Despite the success in securing records identifying offshore tax evaders, the quality of the information IRS received was sometimes problematic, because it was out of date or incomplete. For example, when a federal judge in Miami ordered compliance with the aforementioned John Doe summons in 2002, it only covered records for tax years 1998 and 1999 – “old years” in IRS parlance. Further, information received often did not dove-tail with IRS’s information. IRS is driven by social security number, name, and to a lesser extent, last known address. Credit card data is driven by credit card number and billing address. This created a mismatch. Once IRS received the summoned information it took many months to link a specific taxpayer to a particular offshore account through a credit card, assemble the case, and assign it to an agent specially trained in examining offshore transactions. The IRM discourages IRS from beginning examinations of “old” tax years – generally those returns beyond the most recent two tax years – unless there are compelling reasons. IRS prefers to examine more current tax years where plenty of time remains on the 3 year statute of limitations under IRC § 6501(a). Although the 1998 and 1999 credit card data was sufficient to prove a taxpayer had a foreign bank account in 1998 or 1999, the information was not particularly helpful in proving how much income was unreported in those years or whether there was unreported income in later, more current years.
As a result, examiners assigned to these early cases often had to issue administrative summonses under IRC § 7602 to taxpayers for their most recent foreign bank account records to secure foreign account information for years after 1999. The Department of Justice, which handles summons enforcement matters before the U.S. District Courts for IRS, has been extremely successful in securing orders enforcing these summonses, but the process takes time. During this long process the data gets older and has diminishing value to IRS. Proof that the data has a limited shelf life was recently demonstrated in a summons enforcement case.
Greenfield decision
In August 2016 the Second Circuit placed a speed bump along IRS’s road to identifying offshore tax evasion with dated information. In United States v Greenfield, 118 AFTR 2d 2016-5275 (2016) the court vacated the District Court’s order enforcing an IRS summons and remanded the case for further proceedings consistent with its opinion. The case is noteworthy for several reasons, but most importantly I see this as a wake-up call for IRS as well as a reminder to offshore tax evaders that IRS continues to pursue offshore tax evasion rigorously.

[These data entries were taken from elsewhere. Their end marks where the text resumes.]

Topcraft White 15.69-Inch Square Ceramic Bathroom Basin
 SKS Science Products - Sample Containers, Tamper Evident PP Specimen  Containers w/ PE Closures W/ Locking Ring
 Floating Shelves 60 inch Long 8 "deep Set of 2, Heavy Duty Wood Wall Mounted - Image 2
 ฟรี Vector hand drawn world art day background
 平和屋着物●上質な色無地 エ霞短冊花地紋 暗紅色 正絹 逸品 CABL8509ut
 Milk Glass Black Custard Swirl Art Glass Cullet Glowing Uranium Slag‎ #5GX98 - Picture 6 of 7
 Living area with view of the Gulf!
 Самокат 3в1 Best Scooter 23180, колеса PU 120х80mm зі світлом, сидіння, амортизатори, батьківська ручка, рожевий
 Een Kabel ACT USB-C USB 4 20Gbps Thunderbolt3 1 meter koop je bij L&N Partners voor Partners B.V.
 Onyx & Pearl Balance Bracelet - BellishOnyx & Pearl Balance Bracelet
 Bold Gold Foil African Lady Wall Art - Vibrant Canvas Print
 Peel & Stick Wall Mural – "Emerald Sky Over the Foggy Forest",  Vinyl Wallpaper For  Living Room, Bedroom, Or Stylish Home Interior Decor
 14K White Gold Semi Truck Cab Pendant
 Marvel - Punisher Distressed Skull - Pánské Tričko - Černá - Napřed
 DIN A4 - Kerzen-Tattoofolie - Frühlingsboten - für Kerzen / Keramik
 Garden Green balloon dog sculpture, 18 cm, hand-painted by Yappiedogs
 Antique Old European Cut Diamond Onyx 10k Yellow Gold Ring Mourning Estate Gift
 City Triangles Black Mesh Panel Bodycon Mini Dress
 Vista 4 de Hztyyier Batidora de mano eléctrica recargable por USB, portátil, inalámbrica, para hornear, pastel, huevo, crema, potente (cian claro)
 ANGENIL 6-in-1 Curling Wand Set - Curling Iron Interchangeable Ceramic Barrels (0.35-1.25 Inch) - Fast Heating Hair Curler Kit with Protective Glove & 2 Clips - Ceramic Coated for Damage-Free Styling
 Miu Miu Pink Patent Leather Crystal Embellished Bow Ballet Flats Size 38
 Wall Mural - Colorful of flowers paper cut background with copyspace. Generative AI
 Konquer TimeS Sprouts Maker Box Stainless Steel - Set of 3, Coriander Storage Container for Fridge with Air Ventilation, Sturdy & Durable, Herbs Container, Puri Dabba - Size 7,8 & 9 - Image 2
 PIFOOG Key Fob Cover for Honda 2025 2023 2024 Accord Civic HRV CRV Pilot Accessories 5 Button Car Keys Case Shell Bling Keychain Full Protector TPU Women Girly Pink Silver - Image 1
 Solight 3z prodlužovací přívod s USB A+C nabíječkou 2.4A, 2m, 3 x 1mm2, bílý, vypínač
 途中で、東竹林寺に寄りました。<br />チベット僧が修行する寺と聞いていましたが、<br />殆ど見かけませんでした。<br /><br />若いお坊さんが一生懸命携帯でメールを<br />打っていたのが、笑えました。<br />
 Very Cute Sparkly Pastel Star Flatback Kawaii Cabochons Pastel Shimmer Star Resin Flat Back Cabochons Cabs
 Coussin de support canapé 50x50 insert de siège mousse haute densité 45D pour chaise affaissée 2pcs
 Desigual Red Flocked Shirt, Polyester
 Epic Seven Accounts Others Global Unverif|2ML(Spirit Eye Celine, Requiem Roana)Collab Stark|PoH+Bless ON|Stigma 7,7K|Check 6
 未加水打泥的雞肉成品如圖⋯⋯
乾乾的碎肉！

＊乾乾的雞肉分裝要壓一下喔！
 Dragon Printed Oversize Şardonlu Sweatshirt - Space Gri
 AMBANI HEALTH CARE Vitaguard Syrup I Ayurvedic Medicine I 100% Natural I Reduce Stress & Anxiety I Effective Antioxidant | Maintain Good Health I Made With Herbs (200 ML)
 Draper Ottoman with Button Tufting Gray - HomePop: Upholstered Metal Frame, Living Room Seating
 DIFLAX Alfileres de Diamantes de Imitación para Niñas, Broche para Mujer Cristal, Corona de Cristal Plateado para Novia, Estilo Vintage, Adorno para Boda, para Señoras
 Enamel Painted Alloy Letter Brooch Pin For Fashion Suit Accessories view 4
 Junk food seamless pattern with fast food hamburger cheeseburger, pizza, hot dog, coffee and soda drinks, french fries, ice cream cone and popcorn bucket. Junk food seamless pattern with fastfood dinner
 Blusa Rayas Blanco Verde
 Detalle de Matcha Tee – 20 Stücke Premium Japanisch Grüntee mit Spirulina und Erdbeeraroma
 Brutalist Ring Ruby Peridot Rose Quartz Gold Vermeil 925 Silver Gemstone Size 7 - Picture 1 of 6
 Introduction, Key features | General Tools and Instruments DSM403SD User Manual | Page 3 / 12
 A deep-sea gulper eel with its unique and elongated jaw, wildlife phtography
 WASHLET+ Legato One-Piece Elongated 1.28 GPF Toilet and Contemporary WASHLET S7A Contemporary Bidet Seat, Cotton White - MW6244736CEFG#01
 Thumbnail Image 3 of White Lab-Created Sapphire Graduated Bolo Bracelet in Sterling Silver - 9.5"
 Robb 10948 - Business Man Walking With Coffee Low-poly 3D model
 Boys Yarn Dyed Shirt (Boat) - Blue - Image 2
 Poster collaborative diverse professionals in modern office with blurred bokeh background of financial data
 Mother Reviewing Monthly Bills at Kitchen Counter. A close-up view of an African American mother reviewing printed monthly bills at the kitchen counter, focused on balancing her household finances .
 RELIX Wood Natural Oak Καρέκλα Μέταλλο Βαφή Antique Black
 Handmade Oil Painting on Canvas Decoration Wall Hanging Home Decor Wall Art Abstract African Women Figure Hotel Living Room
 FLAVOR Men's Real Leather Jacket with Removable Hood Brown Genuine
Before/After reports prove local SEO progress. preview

In the spirit of the holiday season, I offer the following tale.
Once upon a time there was a toy maker named Harvey Greenfield, his son, Steven, and their toy shop, Commonwealth Toy, Inc. We also have a Grinch, Heinrich Kieber, whose job was to copy, file, and safeguard records at Liechtenstein Global Trust (LGT) a financial institution owned by the Liechtenstein royal family. One day, while tending to his copying duties at the bank, Mr. Kieber decided to press “2” instead of “1” and make an extra copy of records that identified individuals who banked (translate: “hid their untaxed income”) at LGT. Kieber, playing “Secret Santa”, offered the documents to several nations. Many told him to “go Fish,” while other countries, including the U.S. did not. The U.S. found the information to be very helpful in finding out who was naughty and who was nice. Needless to say, Mr. Kieber’s decision did not make him any new friends among the 38,000 residents of Liechtenstein. He was charged with theft of information under Liechtenstein law and promptly went into hiding, leaving a trail of Angry Birds in his wake. Like the Cabbage Patch doll you stood 3 hours in line to buy for your daughter in 1983, his whereabouts today are unknown.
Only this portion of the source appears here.